Lupillo Rivera, brother of late megastar Jenni Rivera, was simply driving down the avenue on Tuesday afternoon when he ran into a protest. At first he thought it was something regarding Home Depot or one of the other big warehouses nearby. When he found out it was about undocumented immigrants, like he once was, he decided to get out of the car.

Dozens of Murrieta, Calif. residents were there to protest the expected arrival of 136 immigrants, mostly minors, who had been flown in from Texas after crossing the U.S.- Mexico border illegally. It was one of many such loads of people making their way around the country these days, as the U.S. Border Patrol struggles to contain the growing influx of undocumented immigrants from Central America.

Rivera, 42, has been a Murrieta resident for five years now. He is no activist, he is not even up to date with immigration reform’s comings and goings in Washington. But he became a part of the story when he decided to find out more about the protest.

 “It doesn’t matter where the children are from. Children automatically deserve respect. I cannot kick out a child from anywhere. I think that is inhumane,” Rivera told Fox News Latino.

So he got out of the car, asked a couple of questions to the people gathered there and soon saw himself involved in a screaming match that made front pages across the nation. The protesters were shouting at him, a Mexican immigrant: “Go home.” And then someone even spit on him, he said.

That’s when he fought back.

“I don’t speak only for the Mexicans,” he told FNL. “The Mexican is not Mexican, the Guatemalan is not Guatemalan, the Salvadoran is not Salvadoran, the Puerto Rican is not Puerto Rican. Here we all are Hispanics.”
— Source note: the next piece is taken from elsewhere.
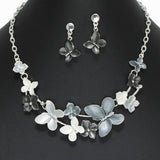 103499, BUTTERFLY & FLOWER ENAMEL NECKLACE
The protesters were there because they feared that dozens of undocumented immigrants being sent to their town were going to further strain municipal and federal resources.

“The only thing I am asking is to give them the opportunity to become legal,” Rivera said.

Rivera, who came to the U.S. illegally at the age of 4 but is now in the country legally, doesn’t really have a plan in mind for the thousands of undocumented immigrants making their way to the U.S. All he knows is that reform is needed.

“I understand there are a lot of undocumented, I understand that the Americans are worried. But I understand too that 90 percent of them come to work, to build, to clean houses. Never in my life have I seen an American picking aguacates, or grapes for their wines,” he said.

Rivera is unsure if he will pursue this newfound skill as an outspoken advocate. As it happens, the protest incident took place the same day his latest album, El Rey de los Borrachos (Mariachi), was being released and he has a sizable number of fans he doesn’t plan to forsake.

In the meantime, he has come up with an idea he is feeling very optimistic about. The voice of Latinos is loud – he said – but a lot of undocumented are not raising their voice.

“I want everybody to go to my Twitter account. I don’t want ‘Likes,’ I want them to copy what I say - MR.OBAMA WHERE IS OUR REFORM YOU PROMISED US !!! - and retweet it from their account to the president.”

Because, he says, he has a dream that one day President Obama will hear that 10 million Hispanics are asking ‘Where is The Reform?’

“And he will do something about it,” he said.